How to convert jpeg into doc or pdf?
Thread poster: Renata Forgacs

Renata Forgacs  Identity Verified
United Kingdom
Local time: 02:23
English to Hungarian
+ ...
Feb 22, 2010

Dear Colleagues,

I’d like to ask for your help with the following, please.

Is there a way to convert jpeg images into doc or pdf or any other format that Studio can handle? I have 18 pages of really interesting text to translate but unfortunately my client only has the hard copies.

He scanned the pages for me and sent them via email so now they are jpeg but that doesn’t really help me as I still can’t get to them with Studio. Which is a shame as they are reasonably repetitive with lots of formatting so Studio could do a nice job with them.

I downloaded the free version of Kleptomania but when I choose 'Select from Scanned/Faxed Image' I get a message that 'Sorry, this is not a true OCR. You need to use the Real OCR like Omni Page.' I haven't found any free true OCRs so it seems like I'm stuck here.

Perhaps Zamzar could convert it but my text is highly confidential so uploading it is not an option...

Has anyone got any ideas as to what could I do? All your advice is very much appreciated...

Many thanks,

Renata


Direct link Reply with quote
 

Miro Pollak  Identity Verified
Slovakia
Local time: 03:23
English to Slovak
+ ...
Well, Renata, Feb 22, 2010

if you can't upload it, I think your only option is to get the "real OCR". You can either get it online or use someone else's computer that has the required software installed.

Not much of a help, I know.

Miro


Direct link Reply with quote
 

umcuz  Identity Verified
Russian Federation
Local time: 06:23
English to Russian
Maybe, this would help?
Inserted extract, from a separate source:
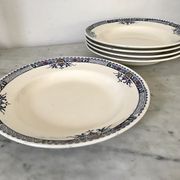 Lot of 5 lily Longchamp hollow plates, iron earth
Feb 22, 2010

This is a try&buy version of a real OCR, enough for 50 pages, called ABBYY FineReader 10 Professional Edition: http://finereader.abbyy.com/trial/

Best regards


Direct link Reply with quote
 

Erik Freitag  Identity Verified
Germany
Local time: 03:23
Member (2006)
Dutch to German
+ ...
FineReader Feb 22, 2010

I suggest you buy Abby Finereader. It is widely recognized as one of the best OCR software packages, and it's quite cheap (only 89£).

Direct link Reply with quote
 

Renata Forgacs  Identity Verified
United Kingdom
Local time: 02:23
English to Hungarian
+ ...
TOPIC STARTER
Thanks a lot! Feb 22, 2010

efreitag wrote:

I suggest you buy Abby Finereader.



Thank you so much to all of you for your advice. I will download the Abby Finereader and am considering buying it if it does the job...


Direct link Reply with quote
 

DZiW
Ukraine
English to Russian
+ ...
MS OFFiCE Feb 22, 2010

As far as I remember MS OFFiCE did provide some OCR tools, but it wasn't always installed by default. Once I had to convert all tagged images to TIFF (or something) before it could read it. It's not so versatile as 3rd-parties and there were some misreads even for 400 dpi pics in the final document, but I could easily identify them by MS word itself)

Just check your Office package and Add /Remove, if necessary. At least XP/2003 had it)

Cheers


Direct link Reply with quote
 
yakky  Identity Verified
China
Local time: 10:23
English to Chinese
+ ...
you need high quality picture Feb 22, 2010

Just want to remind you to ensure the quality of these jpg files or you may waste time in correcting OCR results.

Direct link Reply with quote
 

Samuel Murray  Identity Verified
Netherlands
Local time: 03:23
Member (2006)
English to Afrikaans
+ ...
Type it or OCR it Feb 22, 2010

Renata Forgacs wrote:
Is there a way to convert jpeg images into doc or pdf or any other format that Studio can handle? I have 18 pages of really interesting text to translate but unfortunately my client only has the hard copies.


You can try an OCR program like FineReader, but the quality of the conversion depends on the quality of the JPG.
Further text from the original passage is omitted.